The Bush administration proposed a five-year extension of the SRS — due to expire in September — to give counties more time to adjust to the revenue loss before payments are completely phased out. Allocating 50 percent of the needed funding, the administration proposed to sell 300,000 acres — or one-tenth — of the U.S. Forest Service’s 192 million acres to generate the remaining $800 million for distribution among 780 counties in 35 states.
Plan opponents argue that any gains for the counties are offset by the permanent loss of irreplaceable land and could set a bad precedent for maintaining funding streams in the future. But U.S. Forest officials say that only 200,000 acres — described as small and inaccessible — would have to be sold and would result in “no net loss” when balanced by planned Forest Legacy and other land acquisition programs. “These are not crown jewels we are talking about,” said Agriculture Undersecretary and Director of Forest Policy Mark Rey in an April teleconference. “This is a reasonable proposal to take a small fraction of a percentage of national land, which is the least necessary, and use it for those in need.”
Grateful that rural schools are a national priority, counties generally support the sale of public land as long as it does not conflict with local wishes. “The counties’ anxiety is that although this is a national program, the effects are felt locally,” says Paul Beddoe, associate legislative director for the Washington-based National Association of Counties. “Although we don’t oppose the sale of public lands, the devil is in the details.”
Those details are very important to counties like Plumas County, Calif., which saw its annual revenue drop from $9 million to $700,000 annually before the SRS passed. Bill Dennison, supervisor for the county, which has more than 12,000 acres proposed for auction, thinks critics need to examine the situation more carefully. “As a matter of fact, over 100,000 acres of new federal lands have been purchased from private landowners over the past three to five years, so we’re actually adding more than we’re selling,” he says.

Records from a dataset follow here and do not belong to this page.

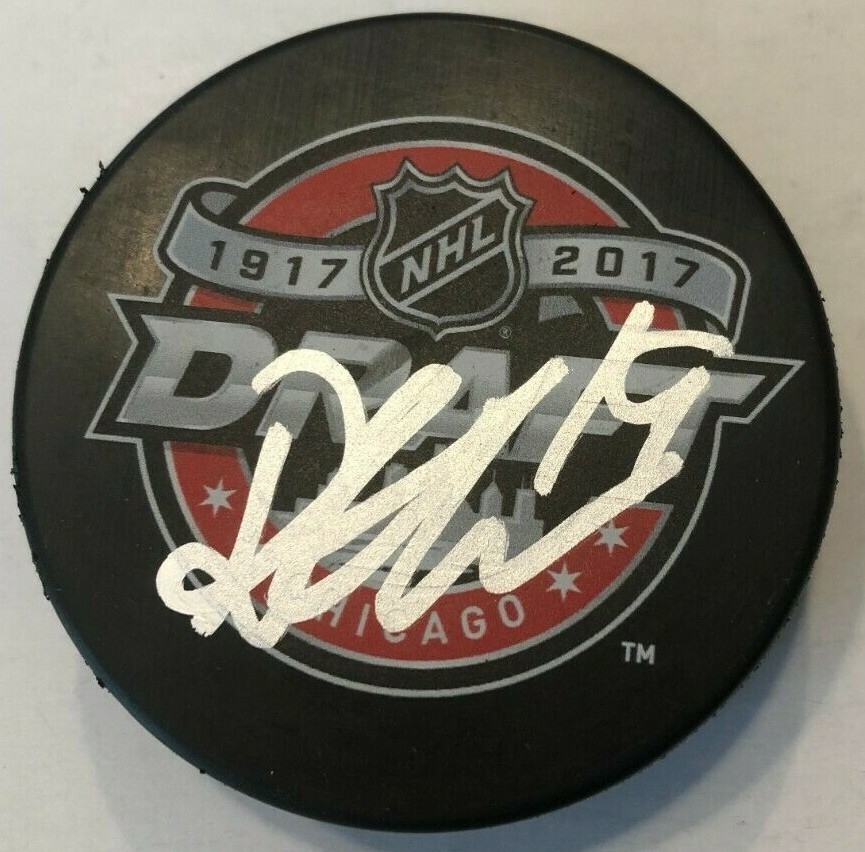 DRAKE BATHERSON SIGNED 2017 NHL DRAFT HOCKEY PUCK W/ CASE OTTAWA SENATORS COA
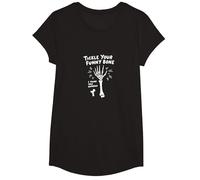 Tickle Your Funny Bone Humerus Pun for Anatomy Lovers T-Shirt, Girls, Black, Medium
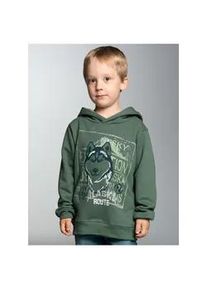 Kapuzensweatshirt TRIGEMA "TRIGEMA Hoodie mit großem Husky-Printmotiv" Gr. 152, grün (efeu) Kinder Sweatshirts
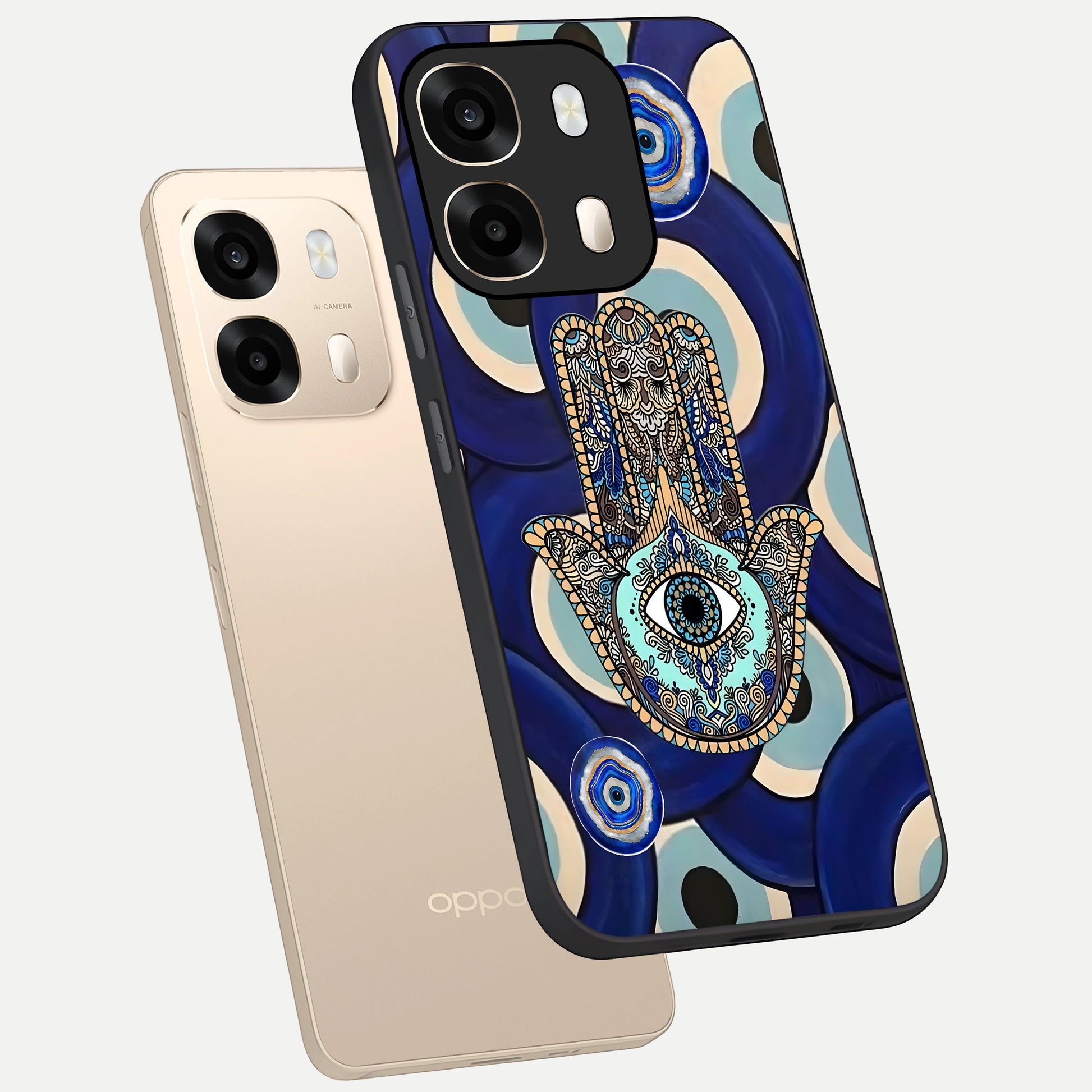  Hamsa Divine Guard phone case For Oppo A6  showing premium glass back cover with detailed artwork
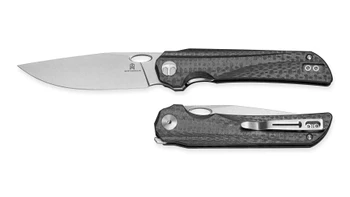 Bestechman Smuga Folding Knife Black G10 Handle AEB-L Plain Edge Stonewash Finish BMK22A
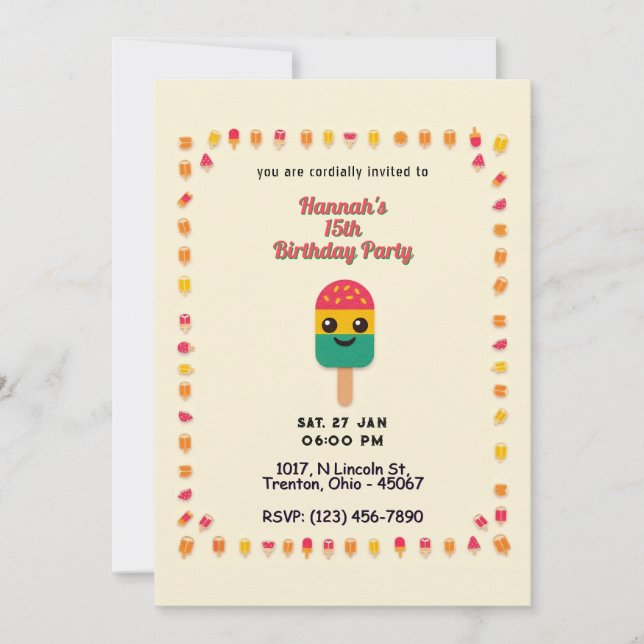 Carte Popsicle d'anniversaire sur Jaune (Devant)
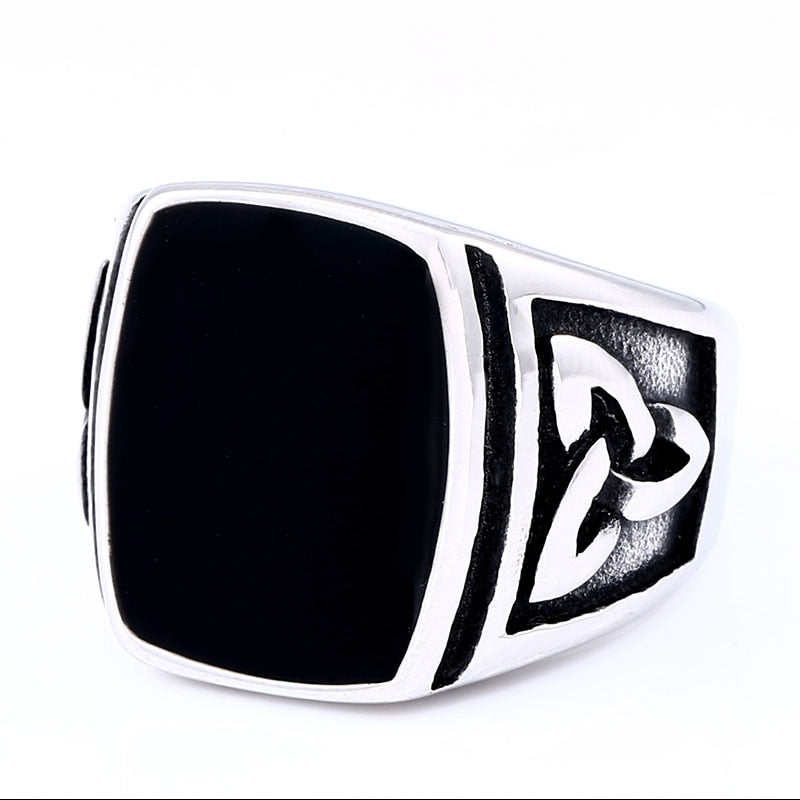 Peris Gems 1 / 8 Titanium Flat Face Signet Ring for Men | Odin Symbol Ring Titanium Flat Face Signet Ring for Men | Odin Symbol Ring SHEIN Amazon Temu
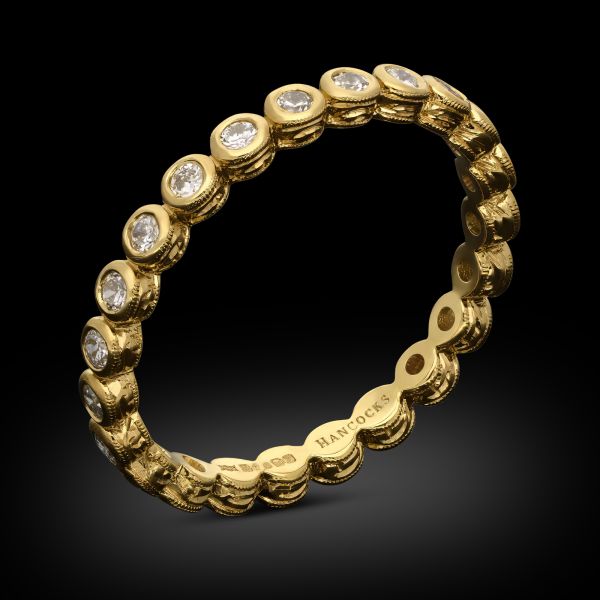 2.5mm Old European Cut Diamond and Engraved Yellow Gold Eternity Ring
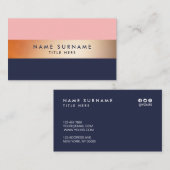 Carte de visite moderne élégant de bleu de rayure (Devant / Derrière)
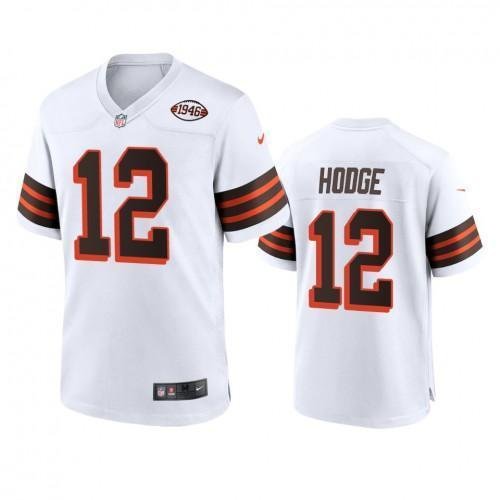 Men’s Cleveland Browns #12 Khadarel Hodge Nike 1946 Collection Alternate Game Limited NFL Jersey – White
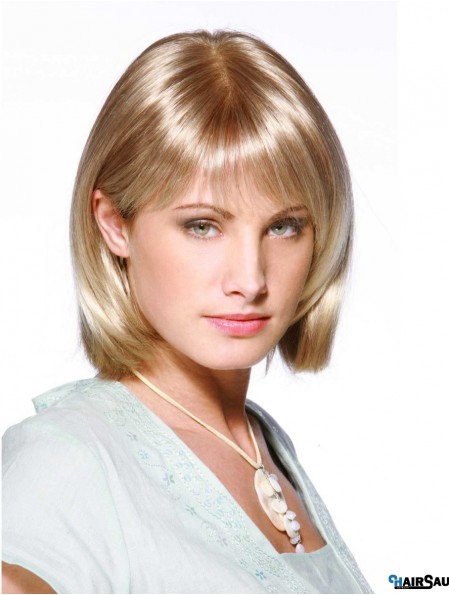 Long Bob Wigs With Bangs Monofilament Blonde Color Shoulder Length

If Congress fails to find an acceptable funding proposal, rural schools, roads and other county services could face program cuts, employment layoffs and maintenance delays. Even if the proposal is accepted, there is a risk that the land will not sell, leaving counties with only half the money and a serious financial situation. “Rural counties are relying on SRS funding, so if this proposal doesn’t work, then Congress needs to come up with something else because the clock is ticking,” Beddoe says.
On March 30, Montana Sen. Max Baucus and Oregon Sen. Ron Wyden introduced an alternative proposal that would fund the SRS without selling public lands. Received well by other members of Congress, the bill proposes to raise $2.6 billion over the next 10 years by closing a tax loophole that allows some government contractors to avoid their tax obligations.
Lori Burkhammer is a Washington-based freelancer.